The move was a disaster. All of the alternative plans composed by the library staff were swept away with orders to move within two days just before the start of school with the “help” of college students hired for summer work on the last days of their jobs. The task of settling into the new quarters, which should have taken less than a week, took over two months.
Some years and two superintendents later, I again sat in the office of a central office administrator. To fulfill an assignment I was to interview an administrator (not my immediate superior) about group processes and leadership. Following the instructor’s advice, I interviewed the superintendent. He was a bit late and apologized. We sat at a conference table in his office, not with a massive desk between us. He listened to my questions attentively and answered candidly, giving examples from his experience. He spoke of the strategic planning committees composed of individuals from the community, as well as parents, teachers, administrators, board members, and students working together to determine direction for the district. Decisions made by those committees would be honored even if he disagreed with them. He noted that he will listen carefully to what another has to say even if the other obviously dislikes him, because what is said can have value.
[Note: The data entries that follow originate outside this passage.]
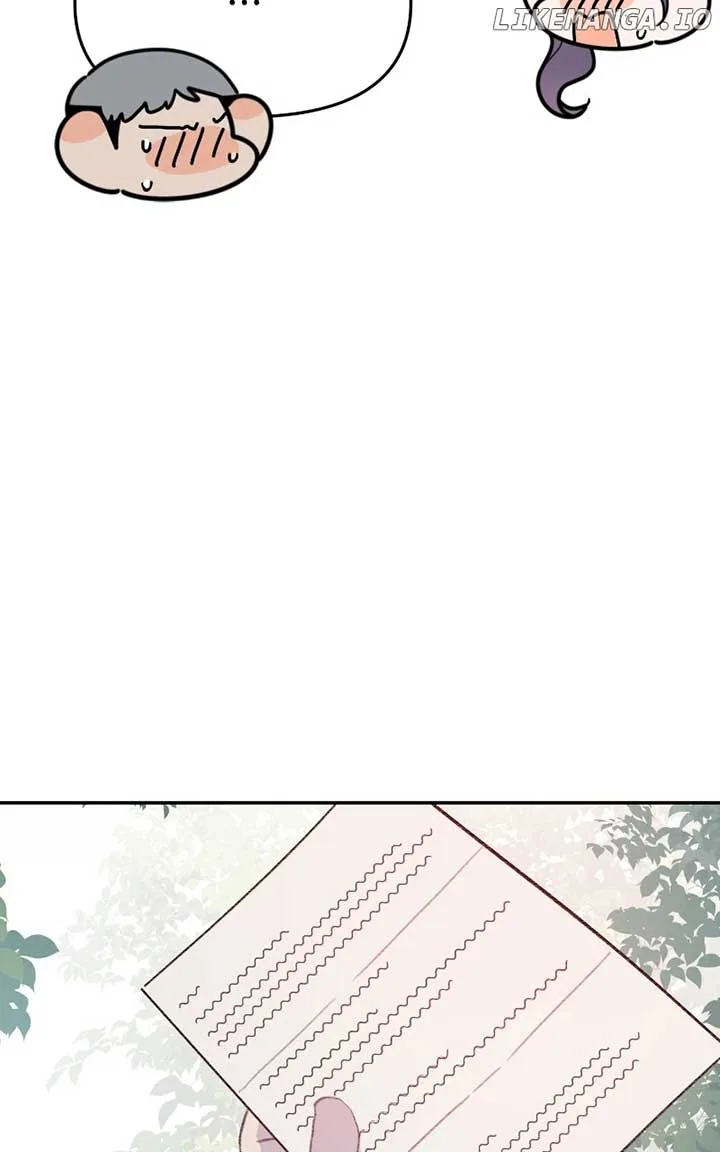 The Mermaid I Loved Chapter 59 page 36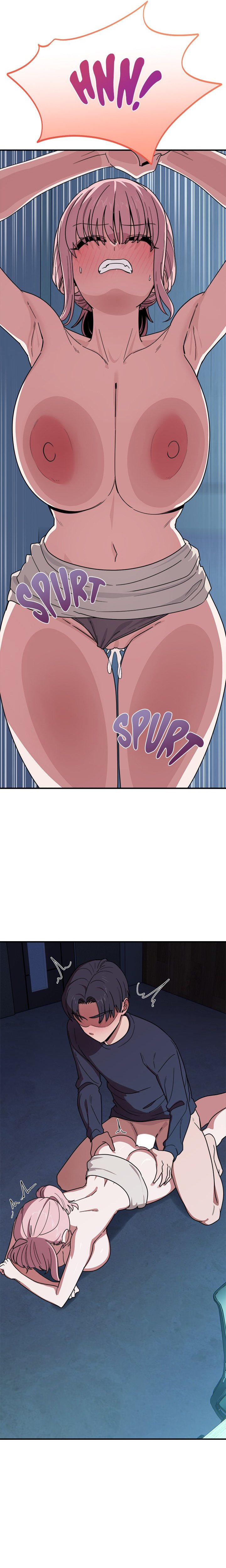 I Became a Dog! Chapter 17 - Page 13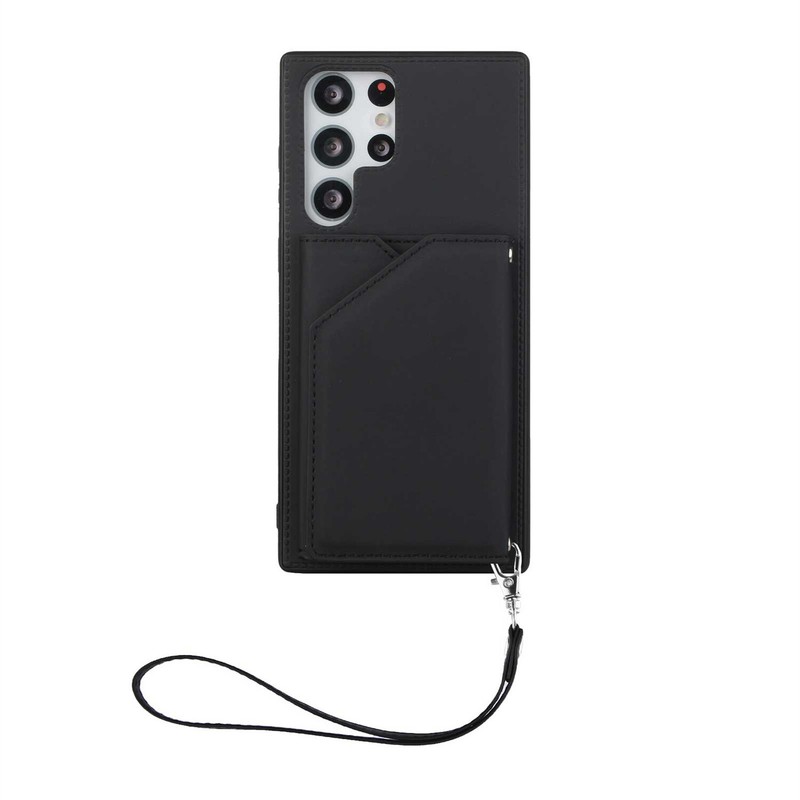 Leather Card Case For Samsung Galaxy A12 A13 A20 A22 A32A33A50A51A52A53A70A71A72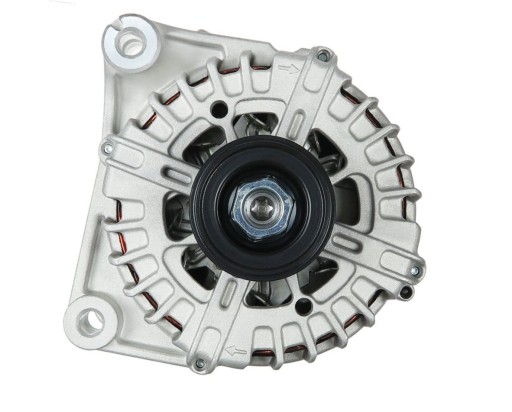 Генератор з колесом - as-pl a3402s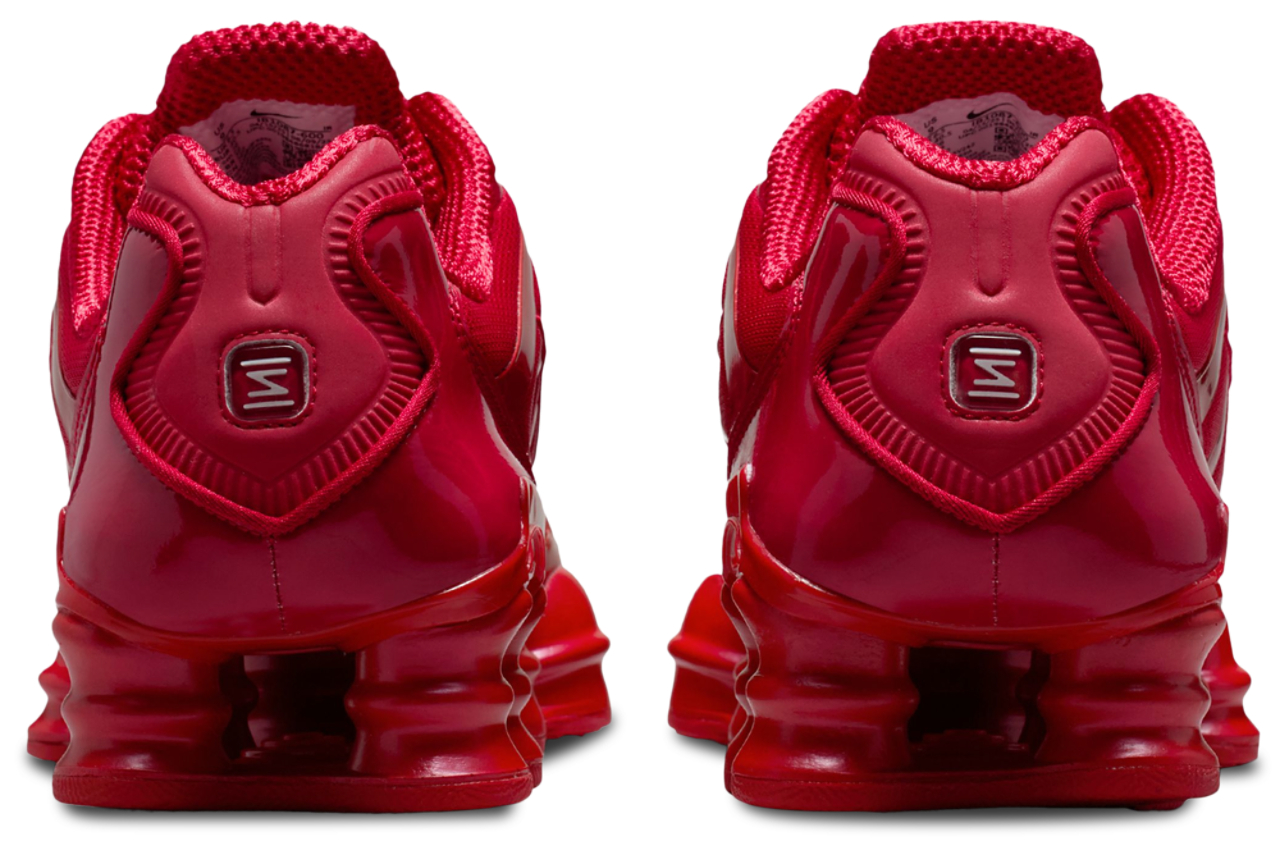 Nike Shox TL SE Image 3 of 5. Tap to open photo gallery.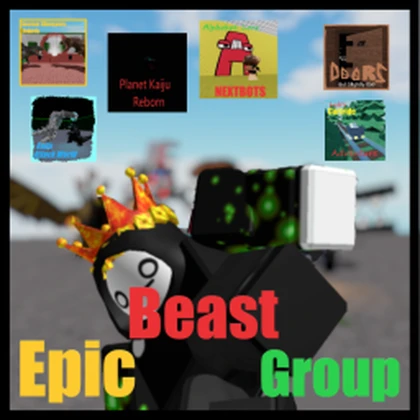 Group Icon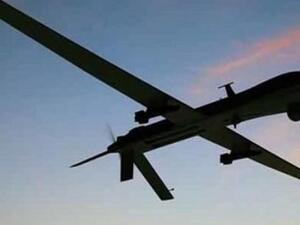 تنفيذ عملية هجومية بطائرات مسيرة استهدفت رادارات ومواقع عسكرية في قاعدة الملك خالد الجوية 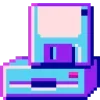 Стикер 10 𝕎𝕚𝕟𝕕𝕠𝕨𝕤 𝟡𝟝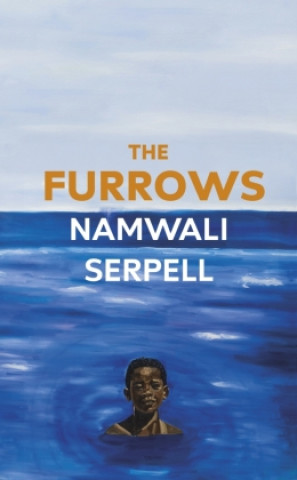 Book Furrows Namwali Serpell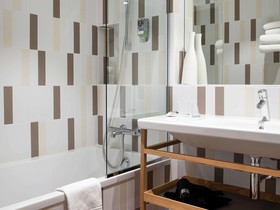 Hôtel Mercure Lyon Charbonnières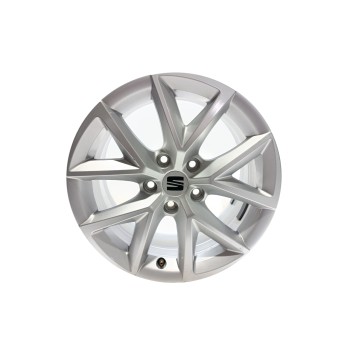 Recambio de llanta para seat leon (kl1) style referencia OEM IAM 5FA601025  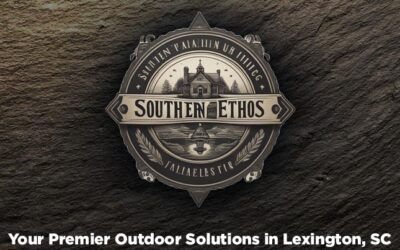 Southern Ethos Services: Your Premier Outdoor Solutions in Lexington, SC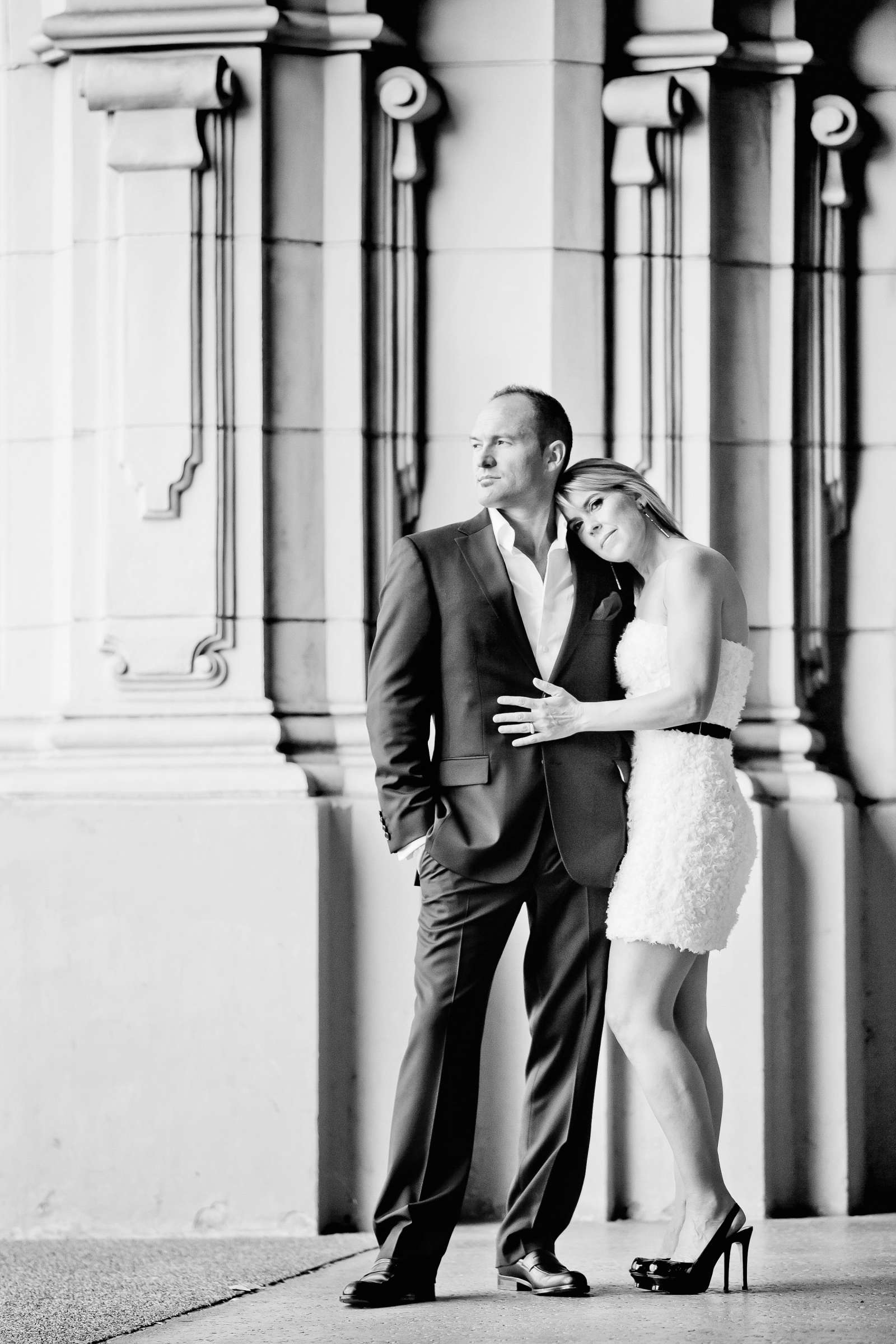 La Villa Wedding, Corey and Stinson Wedding Photo #320273 by True Photography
He extended the time of the interview slightly until I had exhausted my questions, and then added a bit of district background that became essential to my paper. This time as I walked away from the administration building, I felt encouraged for the future of the district. A transformational leader was at work transforming a formerly transactional organization.
There is still a long way to go in reconciling old factions and breaking the bonds of old habits, but there is hope that these things can be done because the superintendent is not only a transformational leader but a man who has been transformed from slave to heir by Christ.
As the elevator rose, he clutched the proposal more firmly. It was a risk. He could lose his position. He had decided not to make the decisions on what and who must be eliminated without input from those affected. He had told his managers what reductions were required and instructed them to find ways to cut expenditures with minimum reduction in production for the division. Further, he had insisted that they involve as many of the workers as time allowed to help in making the determinations. Meanwhile, he had followed his own instructions talking to those who knew the requirements best, being open and honest about what he needed. Now the results were in his hand. He had discovered ways to cut costs he never would have considered on his own. It was not the conventional way of doing things in the company, but in Christ he found the freedom to be unconventional. In what he believed was a Spirit-led decision, management in his division had agreed to a temporary cut in pay, himself included.
Now it remained to be seen if the proposal could be accepted. The door opened at the top floor.